All the patients with significant bacteriuria were advised to take treatment as per culture and sensitivity report. No further follow-up or study was carried out to find out the rate of various complications. But as per review of literatue, toxemia of pregnancy was found to be in 12.9% of bacteriurics in a study conducted by SK Roy et al. [7]. Similarly P Mitra et al. [10] showed that pre eclamptic toxemia was more common in the bacteriuric group (9.1%) as compared to abacteriuric group (6%) and also incidence of prematurity higher (18.2%) as compared to abacteriurics (8.3%).Significantly higher rates of LBW babies was observed with UTI (22.4%), in comparison to those without UTI (7.7%), in a study conducted by G Nath et al. [2]. In a similar pattern, incidence of prematurity and LBW babies were observed to be 75 and 50%, respectively in untreated patients, in a study by SV Lavanya et al. [8].

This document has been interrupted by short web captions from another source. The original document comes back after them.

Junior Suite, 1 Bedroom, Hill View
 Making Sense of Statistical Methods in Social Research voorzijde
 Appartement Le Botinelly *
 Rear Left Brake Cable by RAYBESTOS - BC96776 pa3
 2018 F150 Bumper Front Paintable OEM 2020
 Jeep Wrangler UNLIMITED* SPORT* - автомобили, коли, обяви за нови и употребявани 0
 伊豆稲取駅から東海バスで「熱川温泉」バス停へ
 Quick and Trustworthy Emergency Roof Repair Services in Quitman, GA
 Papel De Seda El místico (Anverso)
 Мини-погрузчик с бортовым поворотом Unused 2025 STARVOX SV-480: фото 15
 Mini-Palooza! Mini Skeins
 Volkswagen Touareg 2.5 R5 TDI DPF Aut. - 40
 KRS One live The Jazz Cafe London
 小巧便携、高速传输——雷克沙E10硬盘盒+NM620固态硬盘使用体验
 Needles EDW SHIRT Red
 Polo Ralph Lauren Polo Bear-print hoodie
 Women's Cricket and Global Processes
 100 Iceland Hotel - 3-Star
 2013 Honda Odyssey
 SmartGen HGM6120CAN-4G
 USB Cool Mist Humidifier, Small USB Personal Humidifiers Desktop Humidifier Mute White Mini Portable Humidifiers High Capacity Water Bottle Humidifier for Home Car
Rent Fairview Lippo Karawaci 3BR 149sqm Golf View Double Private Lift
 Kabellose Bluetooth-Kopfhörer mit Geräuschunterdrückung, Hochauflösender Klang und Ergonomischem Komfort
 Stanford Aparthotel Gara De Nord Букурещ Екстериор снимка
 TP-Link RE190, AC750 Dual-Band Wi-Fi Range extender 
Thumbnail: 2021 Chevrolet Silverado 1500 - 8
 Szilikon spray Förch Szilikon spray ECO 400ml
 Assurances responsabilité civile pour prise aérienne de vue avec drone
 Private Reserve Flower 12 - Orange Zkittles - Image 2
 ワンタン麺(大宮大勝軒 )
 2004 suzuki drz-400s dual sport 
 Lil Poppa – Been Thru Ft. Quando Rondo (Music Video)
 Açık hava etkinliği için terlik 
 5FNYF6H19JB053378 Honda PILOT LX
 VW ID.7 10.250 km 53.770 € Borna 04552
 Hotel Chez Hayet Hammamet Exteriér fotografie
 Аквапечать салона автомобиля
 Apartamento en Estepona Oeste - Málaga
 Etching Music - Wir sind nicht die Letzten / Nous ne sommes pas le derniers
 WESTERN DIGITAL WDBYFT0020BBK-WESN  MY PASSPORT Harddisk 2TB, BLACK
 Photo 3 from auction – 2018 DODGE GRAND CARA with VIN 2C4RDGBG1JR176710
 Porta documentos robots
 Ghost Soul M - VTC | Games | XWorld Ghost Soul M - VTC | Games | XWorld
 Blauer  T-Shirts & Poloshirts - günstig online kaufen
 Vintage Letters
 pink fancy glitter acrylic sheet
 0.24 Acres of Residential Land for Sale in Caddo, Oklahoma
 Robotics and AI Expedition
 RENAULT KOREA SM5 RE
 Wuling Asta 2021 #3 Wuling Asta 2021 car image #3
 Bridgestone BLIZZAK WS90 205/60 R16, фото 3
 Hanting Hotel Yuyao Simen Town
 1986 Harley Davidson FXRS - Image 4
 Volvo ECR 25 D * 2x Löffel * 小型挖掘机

Further according to study by World bank/World health organization (WHO) for gloabal burden of disease, LBW and perinatal causes are leading causes of death and disability. To counter the high rates and disproportionate world burden of neonatal morbidity and mortality, WHO developed, MOTHER BABY PACKAGE as a universal mechanism for safe motherhood initiative [13]. This initiative can drastically reduce financial burden as it is seen that, screening and treatment of asymptomatic bacteriuria costs about US $2.20 but managing complications like pre term and IUGR costs about US $40-46 per case [14]. Therefore, it is better to screen ant treat the pregnant females with asymptomatic bacteriuria to avoid complications linked to it as it is rightly said that prevention is always better than cure.

Conclusion

Pregnancy associated bacteriuria is a common entity. The common pathogens involved are of fecal origin. Because of complications associated with asymptomatic bacteriuria in pregnancy, it should be made mandatory to screen every antenatal women in early pregnancy for it. Urine culture is the ideal method for diagnosis. Treatment with appropriate antibiotic therapy should be done in every positive case.